**Work request**:
What is needed is an exact copy of the records below, minus any pictures.

**Dataset content**:
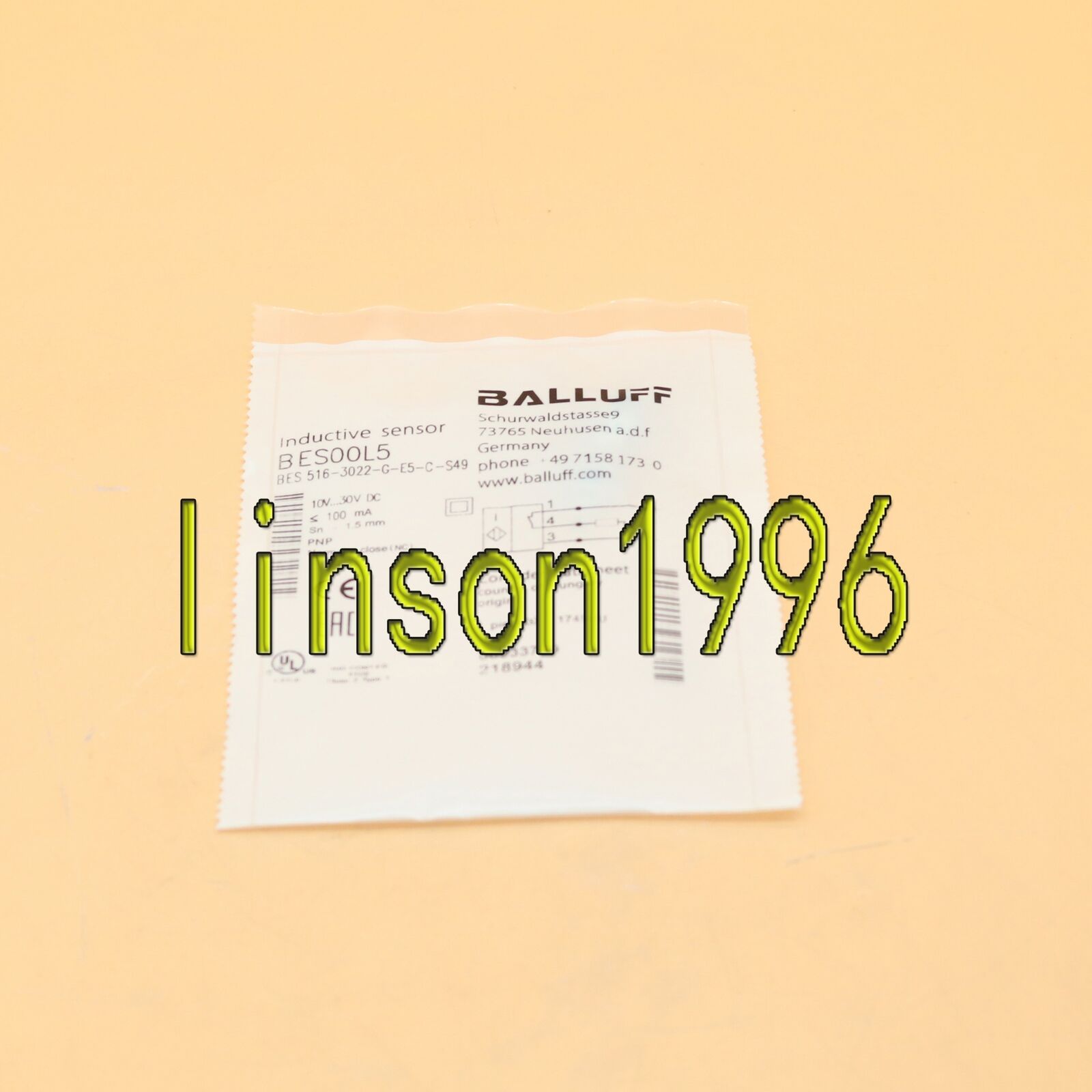 1PC BALLUFF BES 516-3022-G-E5-C-S49 Proximity Sensor, Spot Stock - BALLUFF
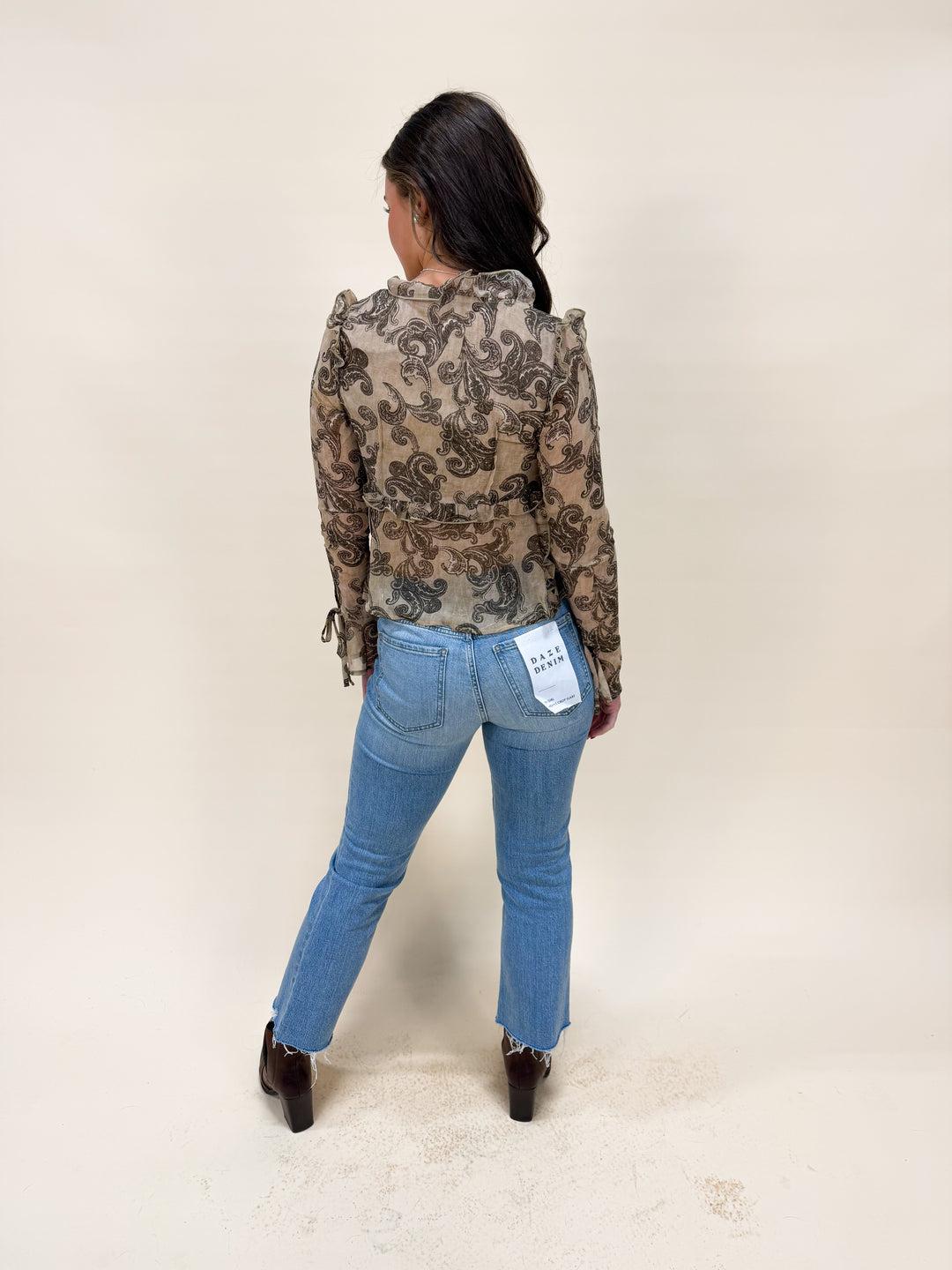 GOLDEN PAISLEY TOP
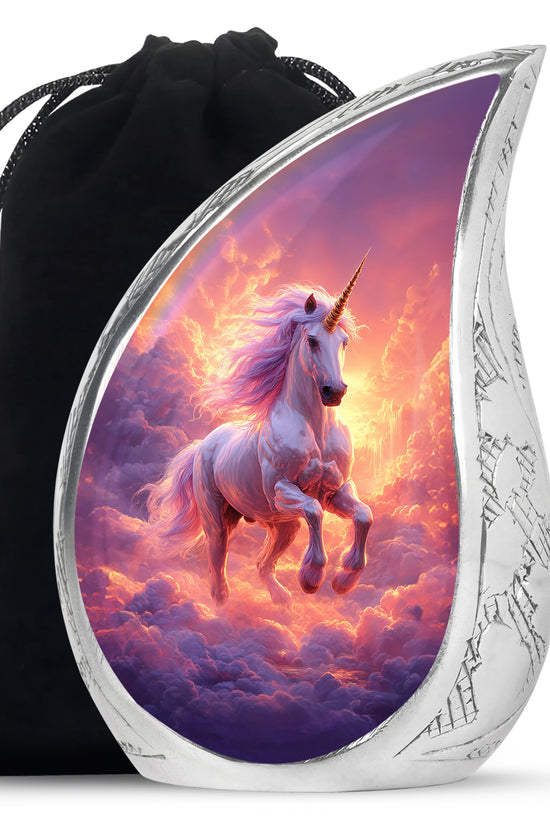 Unicorn Theme Funeral Urn - Spiritual Theme Memorial Urn For Adult Ashes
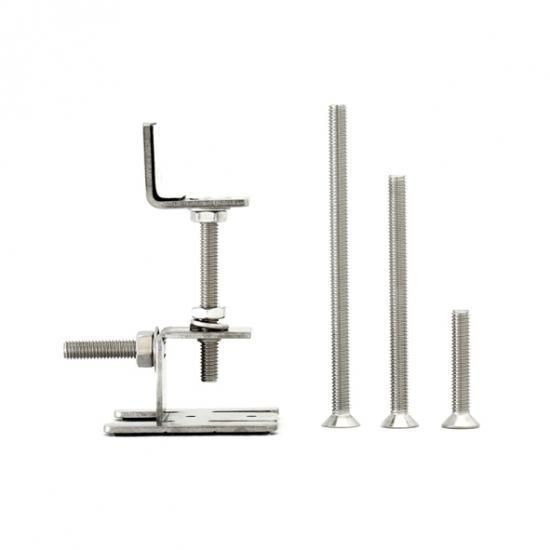 鳩よけ 鳩対策 ハト はと 剣山 防鳥 鳥 ベランダ 手すり バードブロッカー 伸縮金具＜皿ネジ4本セット＞【屋外用強力両面テープ付】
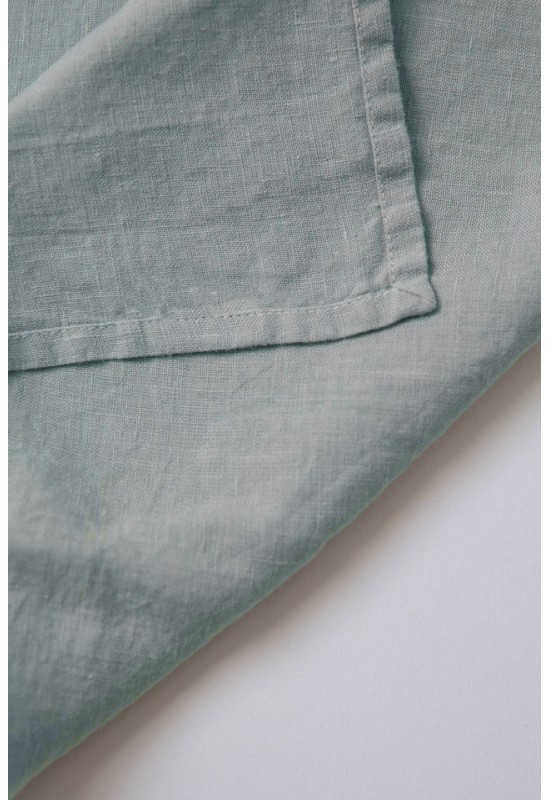 Light - Dusty Blue Linen Tablecloth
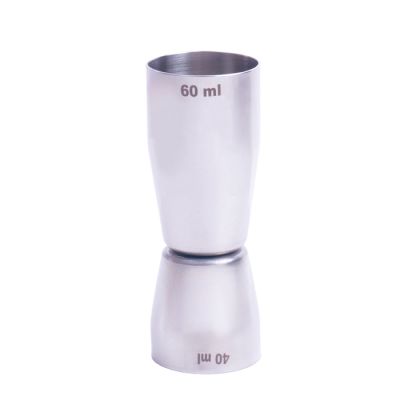 Джиггер 40/60 мл. d=39/37 мм. h=105 мм. нерж. МГ (MG) /1/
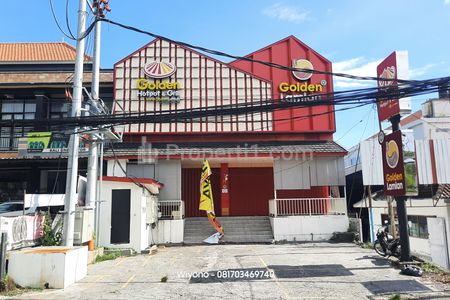 Disewakan Ruko di Denpasar Bali Jalan Gatot Subroto Barat Ex Resto Golden Lamian Bersebelahan dengan McD KFC JCO dan Richeese Factory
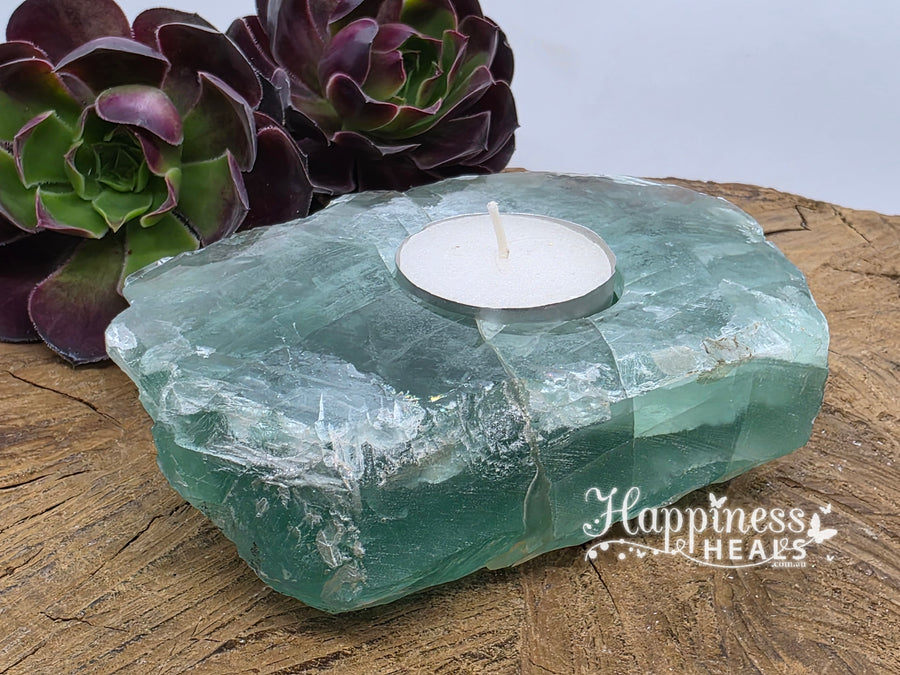 Fluorite Tea Light Candle Holder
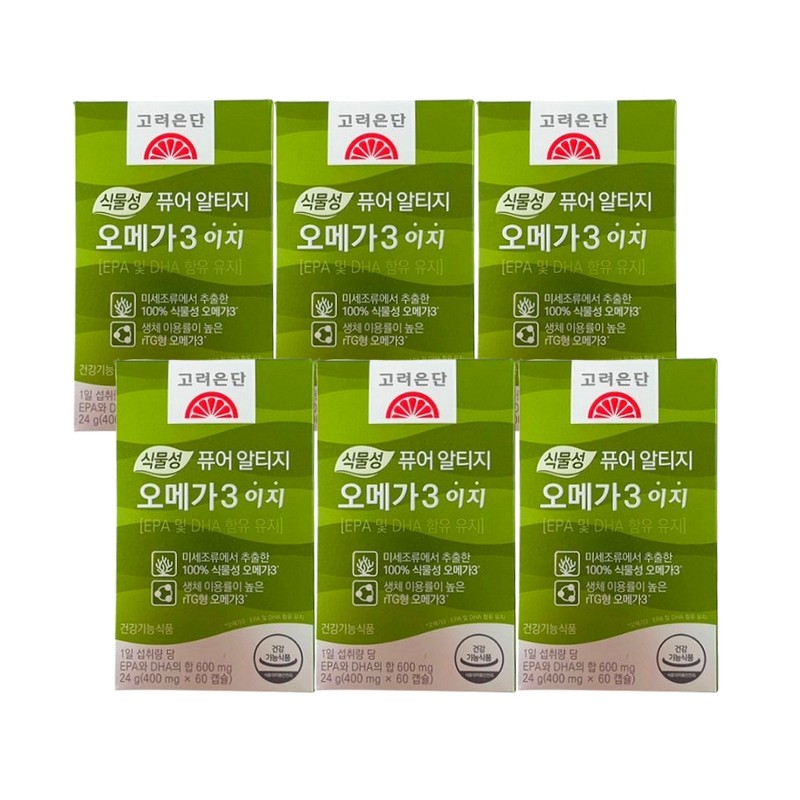 Korea Eundan Omega3 Pure RTI Omega 3 Easy 3-month supply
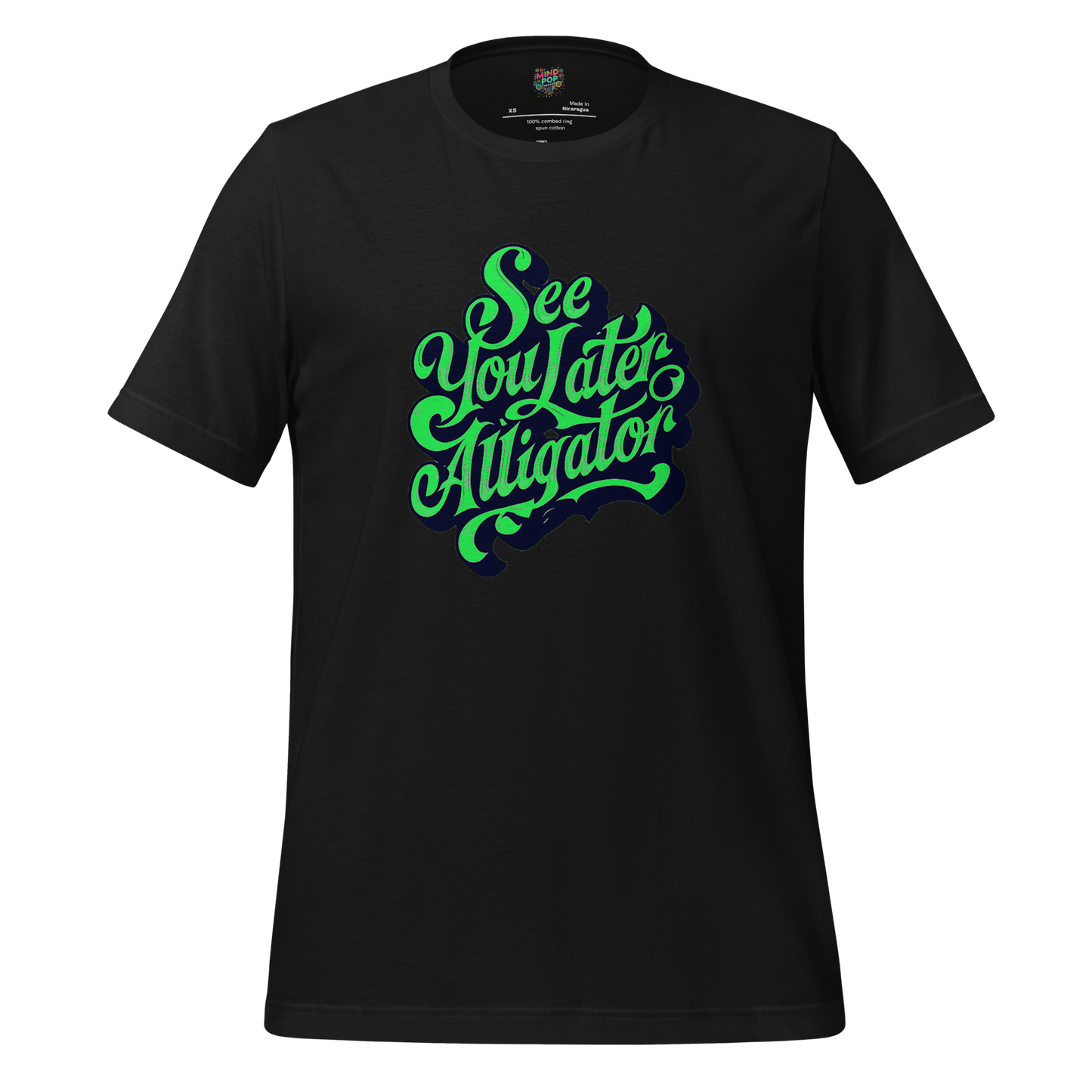 See You Later Alligator Shirt Vintage Black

**Problem solution**:
 1PC BALLUFF BES 516-3022-G-E5-C-S49 Proximity Sensor, Spot Stock - BALLUFF
 GOLDEN PAISLEY TOP
 Unicorn Theme Funeral Urn - Spiritual Theme Memorial Urn For Adult Ashes
 鳩よけ 鳩対策 ハト はと 剣山 防鳥 鳥 ベランダ 手すり バードブロッカー 伸縮金具＜皿ネジ4本セット＞【屋外用強力両面テープ付】
 Light - Dusty Blue Linen Tablecloth
 Джиггер 40/60 мл. d=39/37 мм. h=105 мм. нерж. МГ (MG) /1/
 Disewakan Ruko di Denpasar Bali Jalan Gatot Subroto Barat Ex Resto Golden Lamian Bersebelahan dengan McD KFC JCO dan Richeese Factory
 Fluorite Tea Light Candle Holder
 Korea Eundan Omega3 Pure RTI Omega 3 Easy 3-month supply
 See You Later Alligator Shirt Vintage Black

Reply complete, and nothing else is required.